The Game of the Earthly Paradise was received with great delight by the readers of the story; one family of children adopted the word "Mary-meadowing" to describe the work which they did towards beautifying hedges and bare places; and my sister received many letters of inquiry about the various plants mentioned in her tale. These she answered in the correspondence columns of the Magazine, and in July 1884 it was suggested that a "Parkinson Society" should be formed, whose objects were "to search out and cultivate old garden flowers which have become scarce; to exchange seeds and plants; to plant waste places with hardy flowers; to circulate books on gardening amongst the Members;" and further, "to try to prevent the extermination of rare wild flowers, as well as of garden treasures."

Reports of the Society, with correspondence on the exchanges of plants and books, and quaint local names of flowers, were given in the Magazine until it was brought to a close after Mrs.
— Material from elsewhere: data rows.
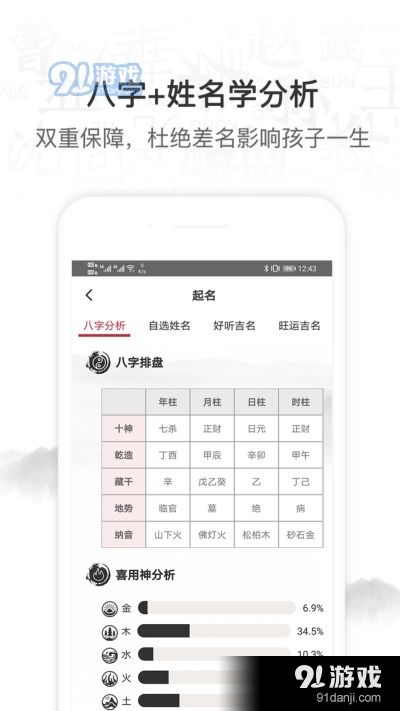 公司免费起名测试打分网(免费公司起名测名打分1518)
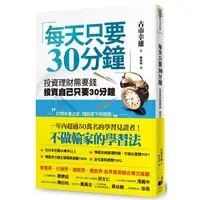 在飛比找Yahoo奇摩購物中心優惠-每天只要30分鐘(投資理財需要錢投資自己只要30分鐘)(新版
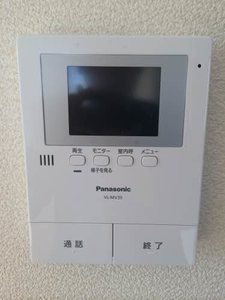 シャーメゾン幕内東 203号-7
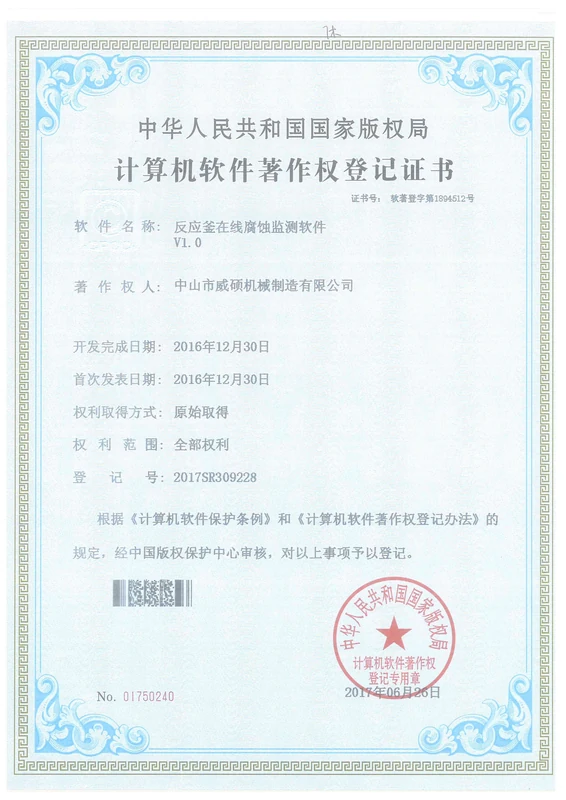 反应釜在线腐蚀监测软件V1.0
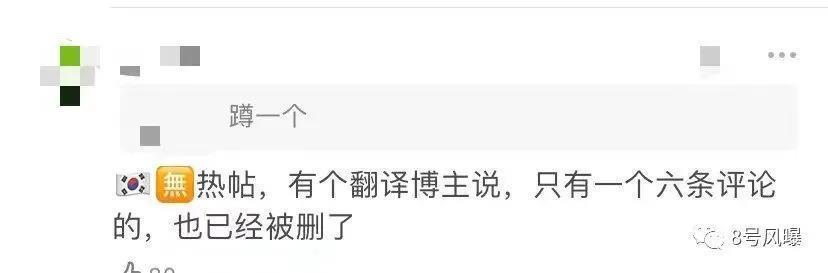 疯马秀和背后的神秘组织到底是什么？
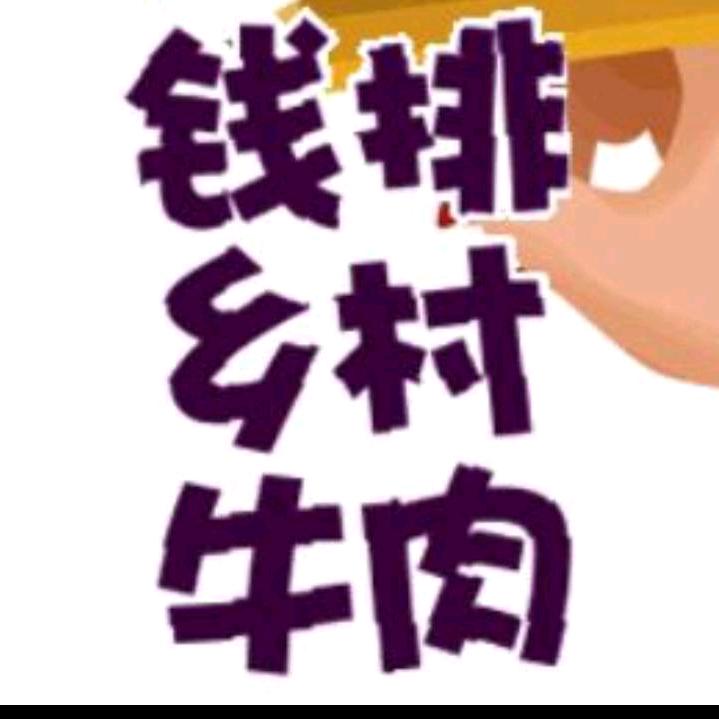 钱排→乡村牛肉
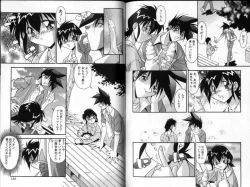 Page 78 of Hadaka no Shounen | A Naked Boy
Ewing's death; but I am glad to say that the Society existed for some years under the management of the founder, Miss Alice Sargant, and when she was obliged to relinquish the work it was merged in the "Selborne Society," which aims at the preservation of rare species of animals as well as plants.

The "Letters from a Little Garden" were published in Aunt Judy's Magazine between November 1884 and February 1885, and as they, as well as "Mary's Meadow," were due to the interest which my sister was taking in the tending of her own Earthly Paradise,—they are inserted in this volume, although they were left unfinished when the writer was called away to be

"Fast in Thy Paradise, where no flower can wither!"

Horatia K.F. Eden.

December, 1895.

NOTE.—If any readers of "Mary's Meadow" have been as completely puzzled as the writer was by the title of John Parkinson's old book, it may interest them to know that the question has been raised and answered in Notes and Queries.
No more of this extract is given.